DIY recording’s impact on musicians, engineering process
February 5, 2018
Traditional recording studios, filled with high-priced analog equipment and veteran engineers, are becoming a dying breed because of widespread availability of personal recording equipment.
In response to this industry shift, engineers have begun to invest in their own hardware and create do-it-yourself studios to stay afloat.
Chicago was once home to five multi-room staff-based studios in the ‘80s—CRC, Streeterville, Universal, River North and Zenith/DB. Now that number stands at only one, according to Benj Kanters, an associate professor in the Audio Arts and Acoustics Department.
DIY recording with lower equipment overhead has meant that engineers can scrape together a relatively small sum of about $300 to create studios in their apartments. Soundscape Studios, a professional recording studio in Ukrainian Village, started out as a DIY venture, owner Michael Kolar said.
“The most entry-level Pro Tools rig was about $30,000,” Kolar said. “So instead, I started with a TASCAM Portastudio and recorded in the corner of my parents’ garage. That propelled me to make what is now a modernized non-DIY studio.”
While Kolar said the age of DIY recording has shifted what Soundscape provides, studios offering experienced engineers will always have a place to make home recordings sound radio ready.
“We provide a place where people can take their fleshed-out DIY recordings and give them that polished edge,” Kolar said.
Kanters said the DIY revolution has allowed everyone the ability to record, much like how smartphone cameras have disrupted the personal camera industry, he said. This has restructured how people view the professionals and the job they do.
“If you wanted to take pictures, you used to hire a photographer,” Kanters said. “Then Kodak came up with cameras that you can own personally. Now Kodak is gone because it’s all digital. So basically, the same thing has happened [with recording].”
Rob Mefford, senior engineer at Glass Tree Creative, a South Loop recording studio, said he thinks recording at a specially designed studio space with professional engineers takes pressure off musicians by relieving them of technical responsibility.

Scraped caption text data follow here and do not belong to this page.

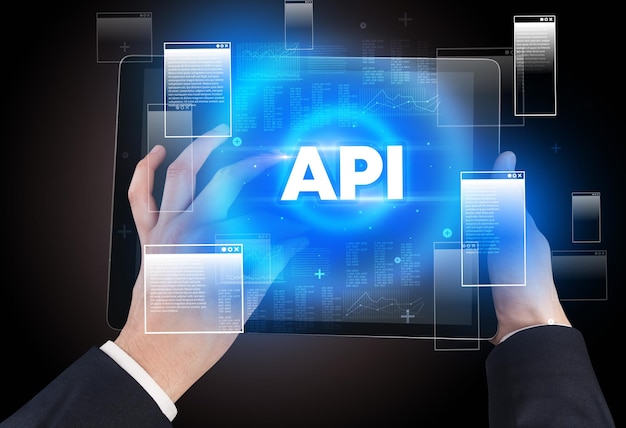Closeup of a hand holding tablet with API abbreviation modern technology concept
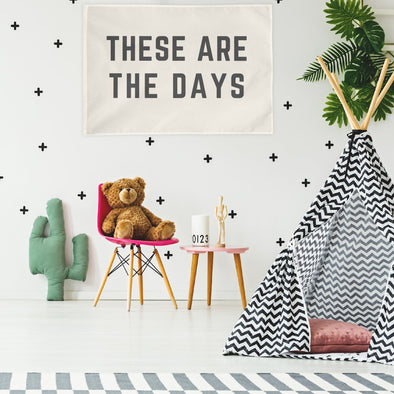 child's bedroom with "these are the days" wall flag hanging up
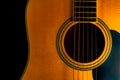 Yellow wooden acoustic guitar body with sound hole and strings on black studio background. Stringed plucked musical Royalty Free Stock Photo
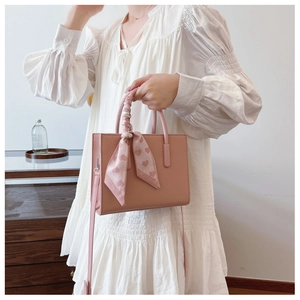 Detail der hellrosa Handtasche aus Narbenleder mit herzbedrucktem Schal am Griff
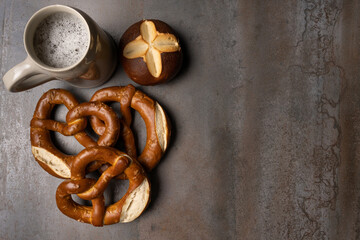 oktoberfest food with pretzels and beer background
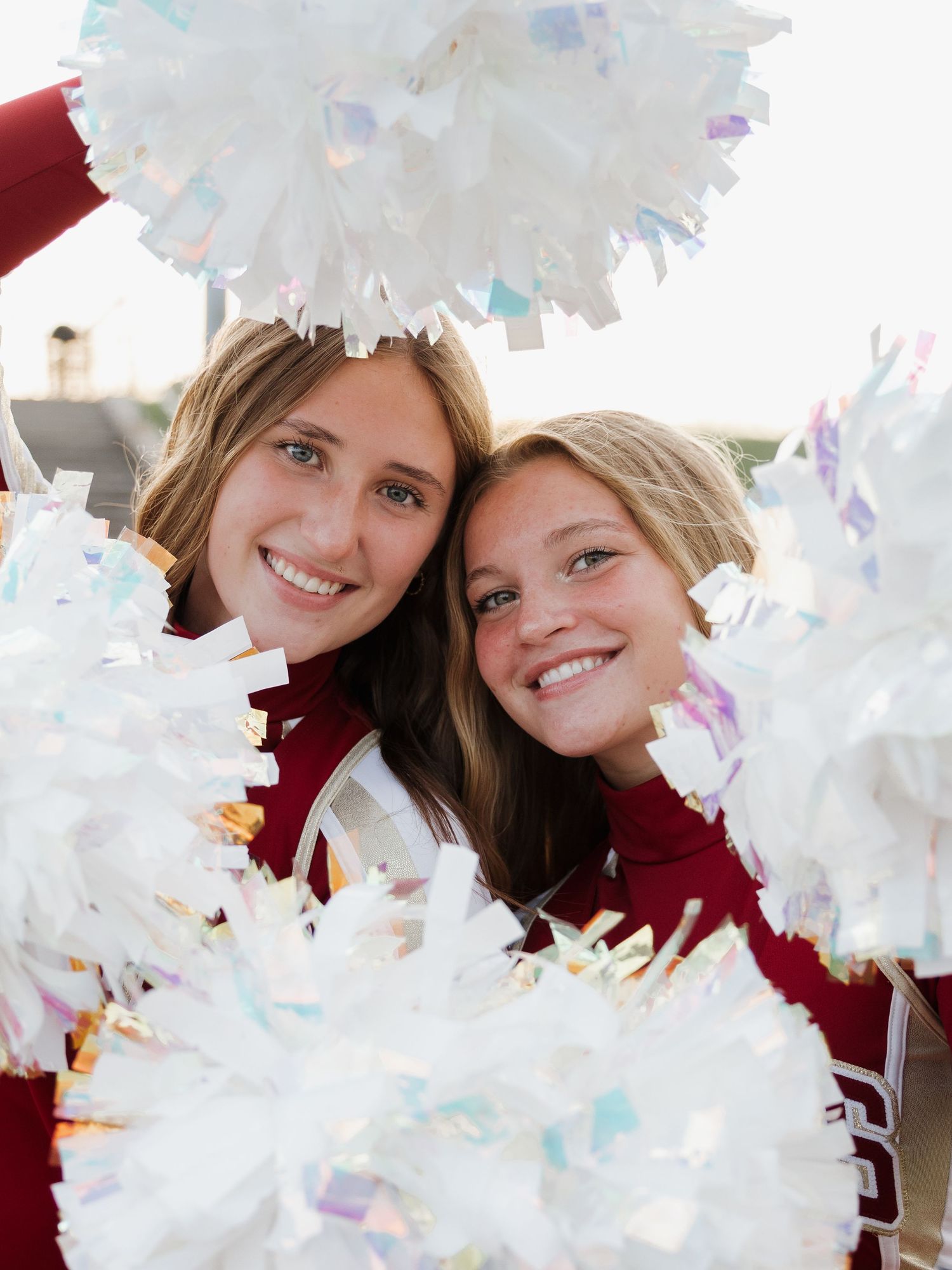 two cheerleaders smiling with poms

“The great thing about coming to Glass Tree, or any other professional studio for that matter, “ Mefford said, “is that you can trust the person handling the process and in that sense you can be your truest form as the artist and let someone else be the medium for that.”
Logan Meyer, a senior audio arts and acoustics major with his own home studio, said a technology-geared generation sees in-person, high-end recording studios as “intimidating.”
Meyer said after visiting a well-known downtown recording studio, CRC, he was told that aspiring engineers who interned worked long hours with a lot of drudgery because of the field’s fierce competitiveness.
“They [said], ‘If you want to work in this environment, you have to spend five years sleeping on floors, working doubles on the weekend,’” Meyer said.
While engineers do not have as many traditional staff positions available at high-end studios, they do have the newfound ability to put down a large amount of cash to invest in their own gear and run sessions out of their home or dorm room.
“Studios always have to adapt and overcome,” Kolar said. “At the end of the day the goal of a studio is to serve a young generation of artists. I’ve seen a couple of generations come and they all tackled [the recording process] differently. I feel my job [as an engineer] is to help facilitate and elevate what they’re doing rather than enforce the doctrine of how records were made at the time of when I was a young person.”